The Design and Intended Use of Impeachment
The ‘Shoe-on-the-Other-Foot’ Test
Quote:
"If we want to be coherent in complaining that we have a president who has no respect for the Constitution, then we have to take seriously the design of that Constitution. It's not designed to remove a president just because we become terribly unhappy with his values."
— Laurence Tribe (00:06)
Presidential Abuses and Norm Violation
Quote:
"We now have a president who does so many things that are quite explicitly obstructing justice right out in the open that we get used to it. ... It's the normalization of outrage, the normalization of the very edge of tyranny that I'm most afraid of."
— Laurence Tribe (04:52)
Limits to What Mueller Can Achieve
Quote:
"There is no deus ex machina clause in the Constitution. There's nothing that will save us from ourselves."
— Laurence Tribe (20:24)
Collusion vs. Criminality
Quote:
"The real question of abuse of power is not limited to criminality. ... If the president, for example, he didn't commit a crime when he pardoned Arpao, but it was a clear abuse of the pardon power."
— Laurence Tribe (15:32)
Potential Civil War and National Trauma
Quote:
"Were Trump removed from office by political elites... some of his supporters would surely view the decision as an illegitimate coup."
— Dahlia Lithwick (reading Tribe, 17:26)
Common Misunderstandings
Quote:
"A lot of people think impeachment gets rid of a president. It doesn't. It only moves to a Senate trial...people think impeachment is all about whether or not the president has committed a crime. That's not what it's about."
— Laurence Tribe (34:32)
Problems Go Deeper Than One President
Quote:
"...the solution for this is politics and organizing and thinking, or at least the solution isn’t impeachment."
— Dahlia Lithwick (summarizing Tribe, 36:13)
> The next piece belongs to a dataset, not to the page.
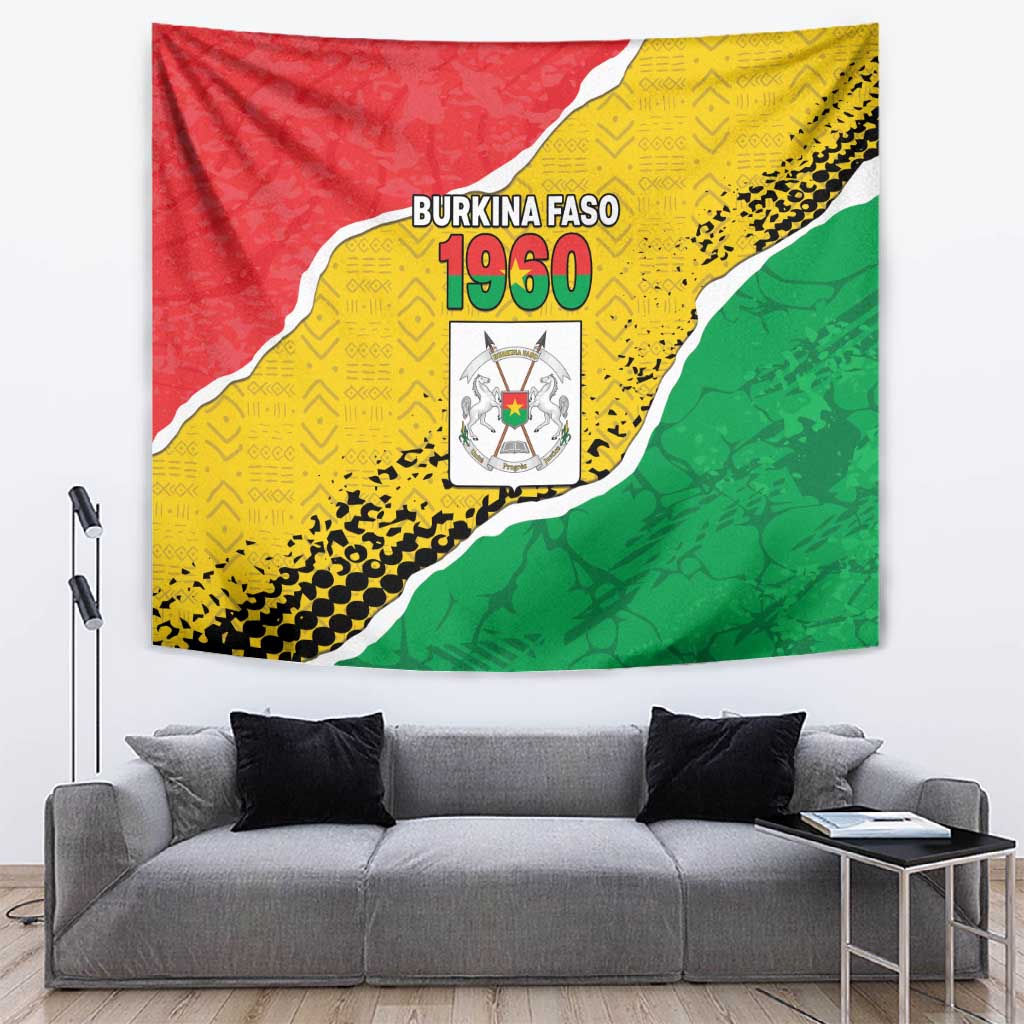 Happy Burkina Faso Tapestry Independence Day - Bogolan Pattern LT15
On Constitutional Constraints:
"If we want to be coherent in complaining that we have a president who has no respect for the Constitution, then we have to take seriously the design of that Constitution. It's not designed to remove a president just because we become terribly unhappy with his values."
(00:06, Laurence Tribe)
On Normalizing Outrage and Tyranny:
"It's the normalization of outrage, the normalization of the very edge of tyranny that I'm most afraid of..."
(04:52, Tribe)
On Magical Thinking and White Knights:
"There is no deus ex machina clause in the Constitution. There's nothing that will save us from ourselves."
(20:24, Tribe)
On Abuse of Power versus Criminality:
"The real question of abuse of power is not limited to criminality. ... If the president, for example, he didn’t commit a crime when he pardoned Arpao, but it was a clear abuse of the pardon power..."
(15:32, Tribe)
On Impeachment as a Political Tool:
"A lot of people think impeachment gets rid of a president. It doesn't. It only moves to a Senate trial, a grand inquest."
(34:32, Tribe)
Amicus’s “The Impeachment Question” brings listeners a nuanced, deeply informed conversation with Professor Laurence Tribe analyzing the risks, limits, and misunderstandings surrounding the impeachment power in the U.S. Constitution. Tribe warns against both the normalization of constitutional abuses under Trump and the irrational hope that impeachment or a special counsel will magically “save” democracy. Instead, he champions civic action, constitutional fidelity, and honest reckoning with the nation’s polarization and mistrust. The impeachment mechanism, he insists, should be reserved for existential threats to the republic and not wielded for policy disagreements or partisan advantage. The problems Trump presents expose deeper societal rifts and require patient, long-term democratic engagement beyond the removal of any one individual.